5/4 Magazine Oct/Nov 1997

5/4 MAGAZINE                
EXPLORING JAZZ                              FROM MAINSTREAM TO OFFBEAT

MILO PETERSEN
Visiting Dignitaries
PASSAGE

JIM KNAPP
On Going Home
SEA BREEZE

Both "Visiting Dignitaries" and "On Going Home" feature some of the Northwest's hottest jazz talent. Milo Petersen with his Jazz Disciples approaches the music from a variety of angles.  He routinely works as a guitarist and drummer but sticks to drums for this project. However, his melodic and harmonic sensibilities are well displayed in his compositions and arrangements.

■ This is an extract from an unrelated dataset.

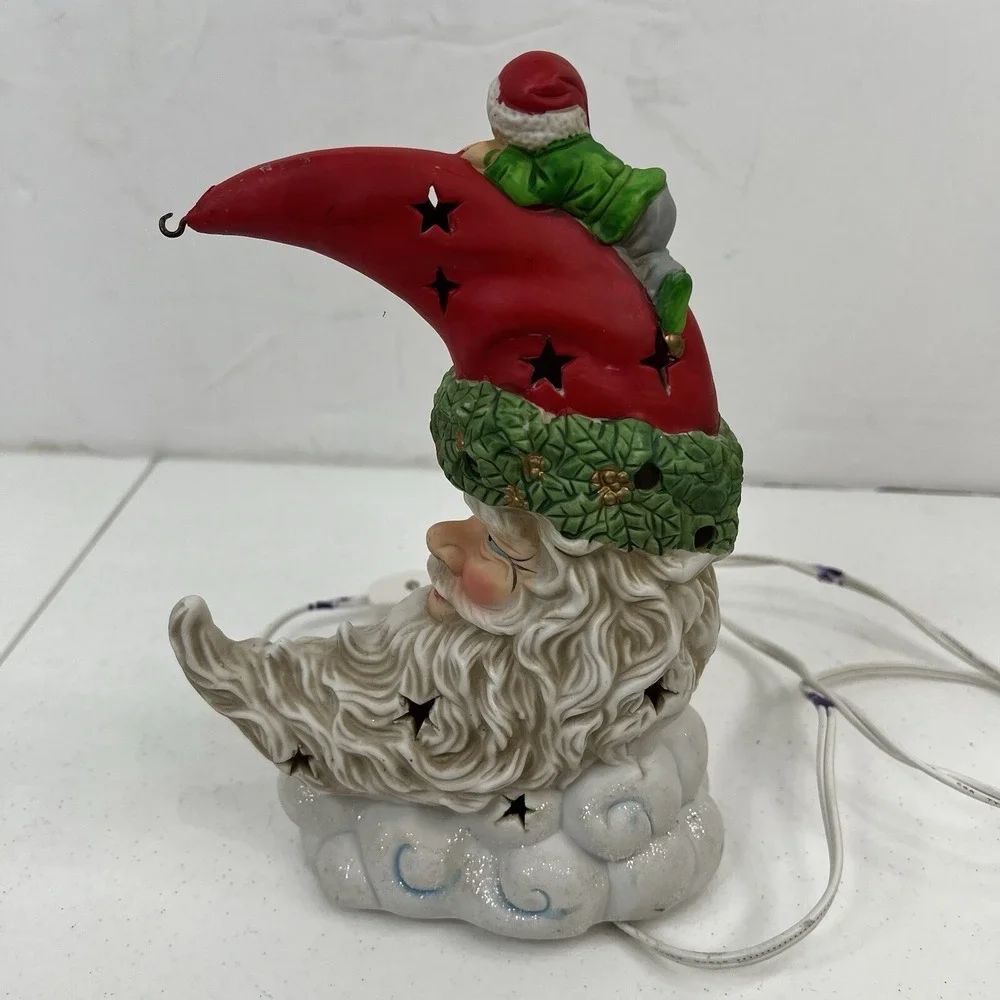 Vintage Santa Moon Night Light Ceramic Christmas Elf Star Cutouts Decor WORKS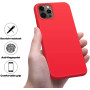 Husa protectie pentru iPhone 12 Pro MAX, ultra slim din silicon Rosu,silk touch, interior din catifea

To get the most out of these charts, Petersen assembled Jay Thomas (trumpet), Rick Mandyck (tenor sax), Marc Seales (piano), and Phil Sparks (bass) into a straight-ahead, powerhouse quintet.  With players of this caliber the CD holds enough potential energy to light up a sizable city.  The rub comes from having heard the band in person. As solid as the recording is, its toughest competition is the same band playing live. A couple of the recorded cuts, although competent, seem stiff in comparison.

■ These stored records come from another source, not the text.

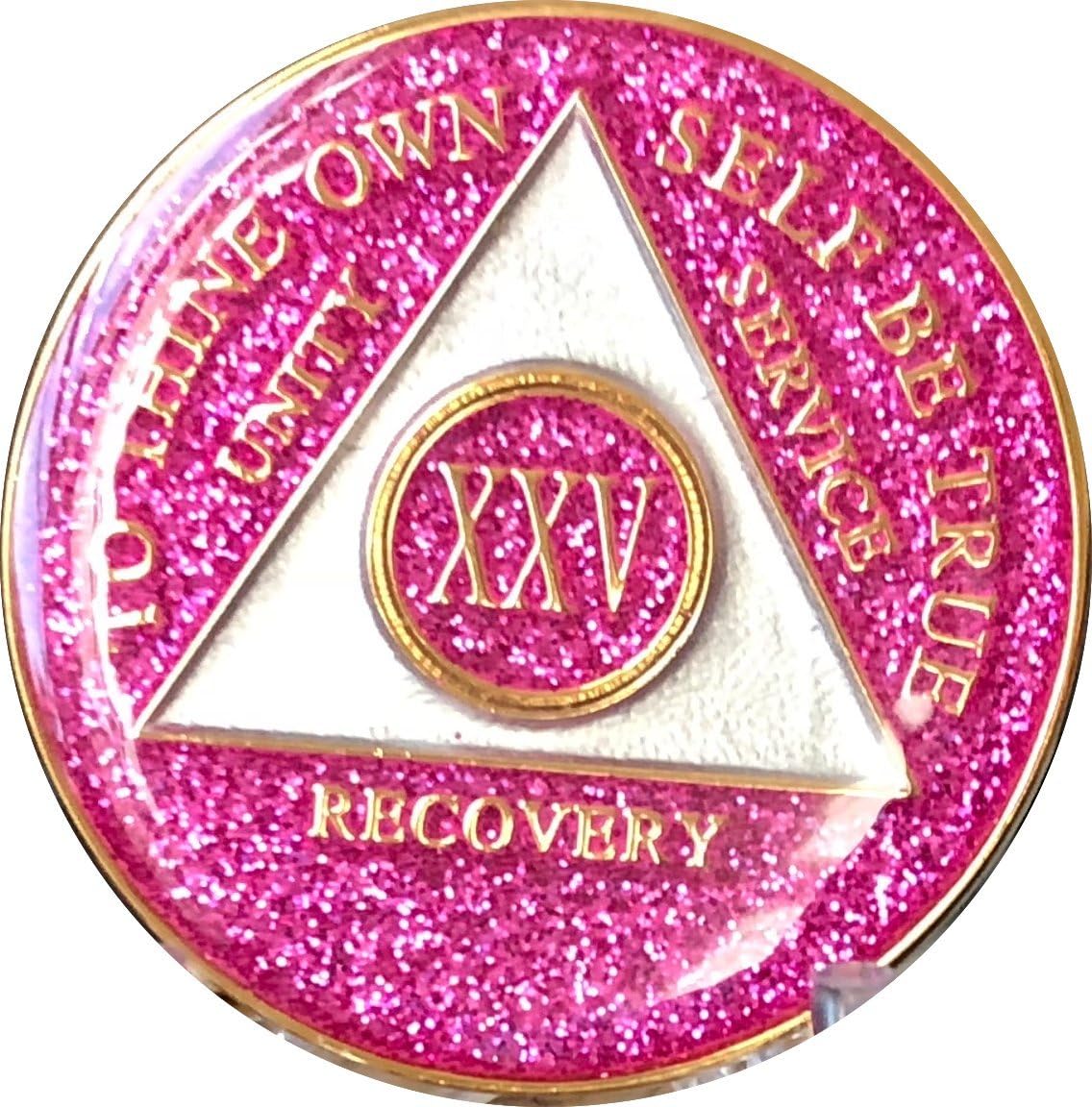 Recovery Mint 25 Year AA Medallion Glitter Pink Tri-Plate Chip XXV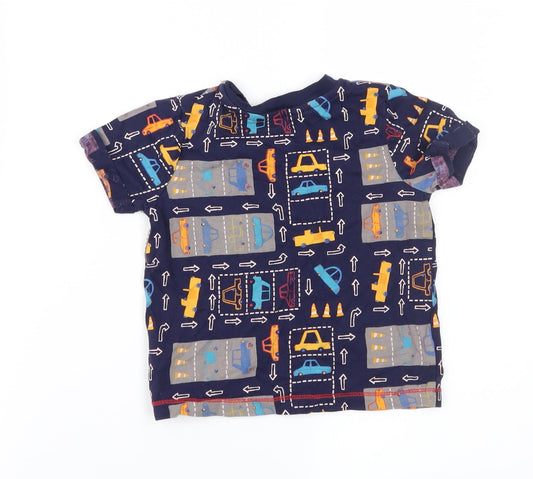 George Boys Blue Geometric  Basic T-Shirt Size 18-24 Months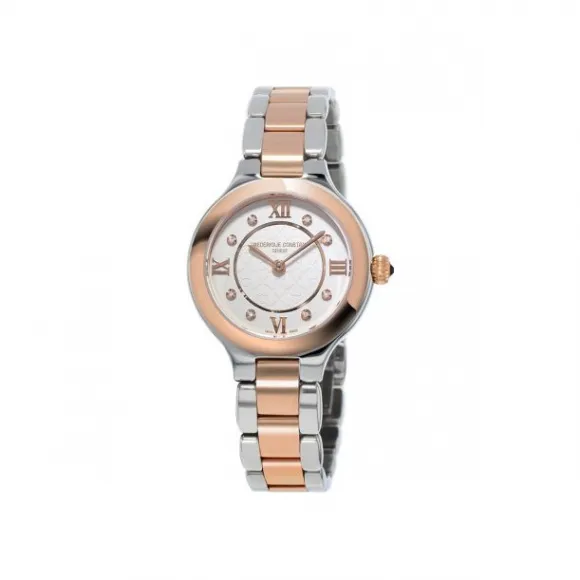 康斯登/Frederique Constant 百年典雅天悦腕表 28MM 不锈钢间玫瑰金色 石英机芯 FC-200WHD1ER32B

That's definitely not the case with the title cut. It opens with an African-tinged highly syncopated fanfare led by the horns and punched heavily by the rhythm section, but it soon erupts into an irrepressible swing. The fanfare's rhythmic pattern reappears in each chorus, but the swing never stops. Sparks lays down a bass line that anchors the horn solos so well that even the rhythmically impaired will want to dance.

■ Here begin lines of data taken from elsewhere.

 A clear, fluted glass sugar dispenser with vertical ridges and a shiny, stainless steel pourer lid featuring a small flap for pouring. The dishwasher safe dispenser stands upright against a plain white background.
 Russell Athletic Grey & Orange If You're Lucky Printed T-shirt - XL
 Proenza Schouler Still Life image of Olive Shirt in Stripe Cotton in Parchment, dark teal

"Seiji and Hiroshi" opens with bass call and drum response, eventually finding its way into a highly syncopated and pleasing groove. And "Prayer," contrary to its title, also packs a considerable rhythmic punch. "Some Other Blues" seems a fitting closer. It has the happy feel of a familiar tune Blakey and his Messengers used to play but whose title eludes me. And why shouldn't it? Disciples are messengers, too.